Aulacoseira Aulacosira”) cataractarum (cataractorum) (Hust.) Simonsen 1979, Bacillaria 2, p. 57 [18].

= Melosira cataractarum f. laevis Manguin 1942, Revue Algologique 13, p. 119; pl. 1, fig. 1, syn. nov. [13].

= Melosira cataractarum f. ovata Foged 1964, Tromsö Museums Skrifter 11, p. 50; pl. 1, figs 2-4, syn. nov. [4]

Pseudostaurosira cataractarum differs from other species in its genus by smaller size, typical radiate striae arrangement and absence of apical pore fields. In addition, the variable striae pattern on the valve mantle, sometimes short and composed of a few areolae and sometimes long, with areolae stopping near the abvalvar edge, is characteristic of this species.

The most similar species at the morphological level are Pseudostaurosira trainori E. Morales [15] and Fragilaria sopotensis Witkowski & Lange-Bert. [21]. Pseudostaurosira trainori has longer striae delimiting a much more reduced axial area. These striae vary from parallel towards the valve center to radiate at the apices. Its areolae are wider and contain well-developed volae. Spines are serrate and flaps can be present, especially covering the first areolae on the valve mantle towards its junction with the valve face. These spines always interrupt the striae. Apical pore fields may be present or absent in this taxon.

Fragilaria sopotensis has longer striae on the valve face and their pattern varies from somewhat parallel to slightly radiate in the valve center to strongly radiate toward the apices. Also, spines are always interrupting the striae and are not present at the valve apex. Small flaps are present covering the areolae on the valve mantle [21]. These flaps have been misinterpreted as occlusions of the rota type by Witkowski & Lange-Bertalot [21]. Volae are delicate and can be seen in the transmission electron microscopy image that these authors presented (their fig. n). Fragilaria sopotensis has all the features of the genus Pseudostaurosira, therefore, the proposal of its transfer to this genus is justified as follows:

Pseudostaurosira sopotensis (Witkowski & Lange-Bert.) E. Morales, C.E. Wetzel & Ector comb. nov.

Basionym: Fragilaria sopotensis Witkowski & Lange-Bert. 1993, Limnologica 23, p. 67, figs 6a-p. [21].

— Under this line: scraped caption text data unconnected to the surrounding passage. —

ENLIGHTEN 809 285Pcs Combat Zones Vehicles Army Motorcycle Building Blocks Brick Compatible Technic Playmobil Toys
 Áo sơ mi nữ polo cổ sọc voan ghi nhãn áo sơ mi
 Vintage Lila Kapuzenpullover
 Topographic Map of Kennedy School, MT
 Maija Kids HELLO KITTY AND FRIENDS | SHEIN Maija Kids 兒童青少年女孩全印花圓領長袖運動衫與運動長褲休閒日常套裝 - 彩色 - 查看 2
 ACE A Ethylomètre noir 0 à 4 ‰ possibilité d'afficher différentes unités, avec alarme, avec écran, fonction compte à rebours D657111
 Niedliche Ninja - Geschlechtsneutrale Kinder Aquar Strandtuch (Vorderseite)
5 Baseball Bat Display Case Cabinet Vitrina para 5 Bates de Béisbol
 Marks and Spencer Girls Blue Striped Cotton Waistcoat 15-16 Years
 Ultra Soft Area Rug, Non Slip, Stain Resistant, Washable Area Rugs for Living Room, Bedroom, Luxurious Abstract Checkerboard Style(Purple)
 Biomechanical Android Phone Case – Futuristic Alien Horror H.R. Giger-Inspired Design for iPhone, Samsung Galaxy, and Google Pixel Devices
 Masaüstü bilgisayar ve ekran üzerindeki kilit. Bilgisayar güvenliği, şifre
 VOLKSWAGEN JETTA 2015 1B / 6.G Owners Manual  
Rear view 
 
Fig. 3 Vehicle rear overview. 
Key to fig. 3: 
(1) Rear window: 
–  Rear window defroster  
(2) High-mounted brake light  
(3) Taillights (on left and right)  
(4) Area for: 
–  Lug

We are very grateful to Friedel Hinz (Friedrich Hustedt Diatom Study Centre, Alfred-Wegener-Institut für Polar-und Meeresforschung, Bremerhaven, Germany) for providing the Hustedt’s type material of Melosira cataractarum. Dr. Pierre Compère (National Botanic Garden of Belgium) is kindly acknowledged for discussions concerning Latin grammar. We also thank Dr. Sergei Genkal for his help in the search and translation of the Russian literature. This work is dedicated to the 5th anniversary of the Cryptogams Herbarium of the Bolivian Catholic University “Saint Paul”, Cochabamba.